# Tillamook time



## dirtsailor2003 (Dec 24, 2016)

Pepper jack and medium cheddar. There's nothing better!

Apple pellets I. The expando tube. Not sure what the temp is outside, but it's cold! 















Sent from my iPhone using Tapatalk


----------



## b-one (Dec 24, 2016)

Looking good!


----------



## redheelerdog (Dec 24, 2016)

Nice - I agree nothing better than Tillamook. I have been working on a batch from last spring.


----------



## WaterinHoleBrew (Dec 24, 2016)

Lookin great Case, I need to do a batch myself !  My favs are pepper jack & horseradish cheese.  Doesn't get much better than Tillamook !   Thumbs Up


----------



## oregonsmoke (Dec 24, 2016)

I agree! I am partial to Tillamook cheese myself and not just because I've lived here all my life!


----------



## oregonsmoke (Dec 24, 2016)

I have to admit though, I wasn't aware of the horseradish!


----------



## WaterinHoleBrew (Dec 24, 2016)

Oregonsmoke said:


> I have to admit though, I wasn't aware of the horseradish!
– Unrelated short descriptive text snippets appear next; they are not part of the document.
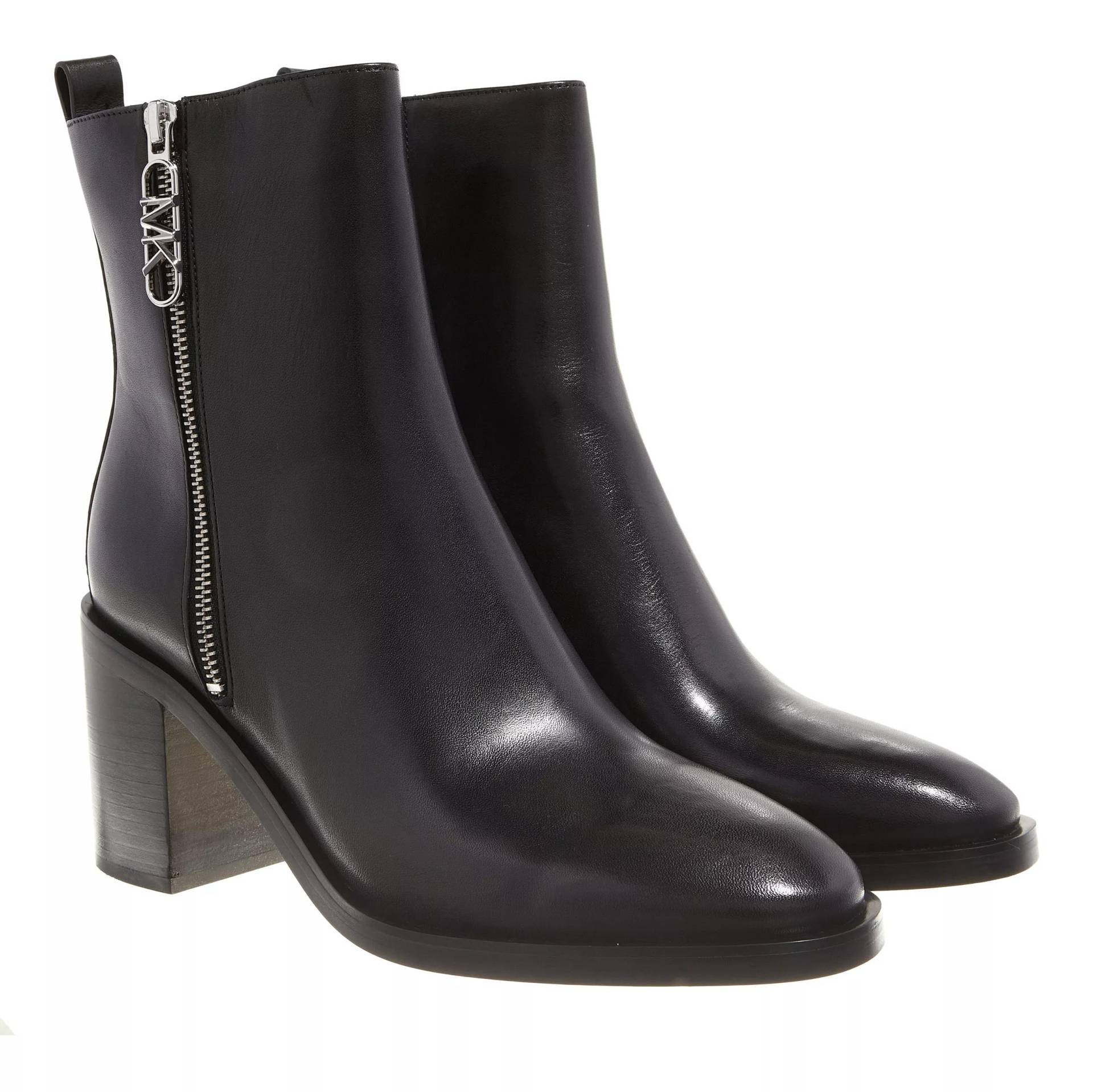 Michael Kors Boots & Stiefeletten - Regan Mid Bootie - Gr. 36 (EU) - in Schwarz - für Damen von Michael Kors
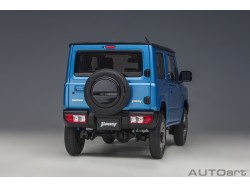 Suzuki Jimny (JB64)(660cc/RHD) 1:18 (Brisk Blue) - AUTOart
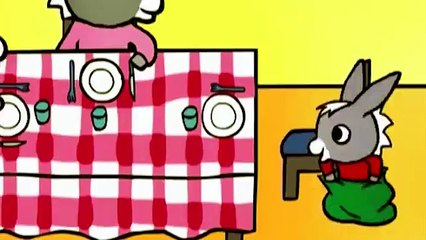 Dessin animé de L'âne Trotro en Francais - Tous les épisodes (épisodes 43 - 44)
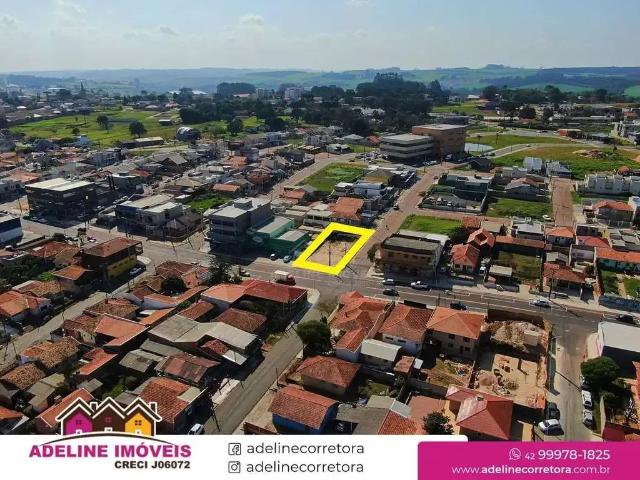 Terreno comercial para Locação em Carambeí/PR Jardim Europa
Just to clarify, to my knowledge Tillamook doesn't make a horseradish cheese.  Just meant smoked horseradish cheese is one I really like !  Sorry for any confusion !


----------



## dirtsailor2003 (Dec 24, 2016)

Smoking cheese makes me hungry! How about a batch of ABT's! 







Thinking cherry and the 14.5" WSM should work.


Sent from my iPhone using Tapatalk


----------



## dirtsailor2003 (Dec 24, 2016)

I like horseradish cheese too. They didn't have any when I bought these blocks. 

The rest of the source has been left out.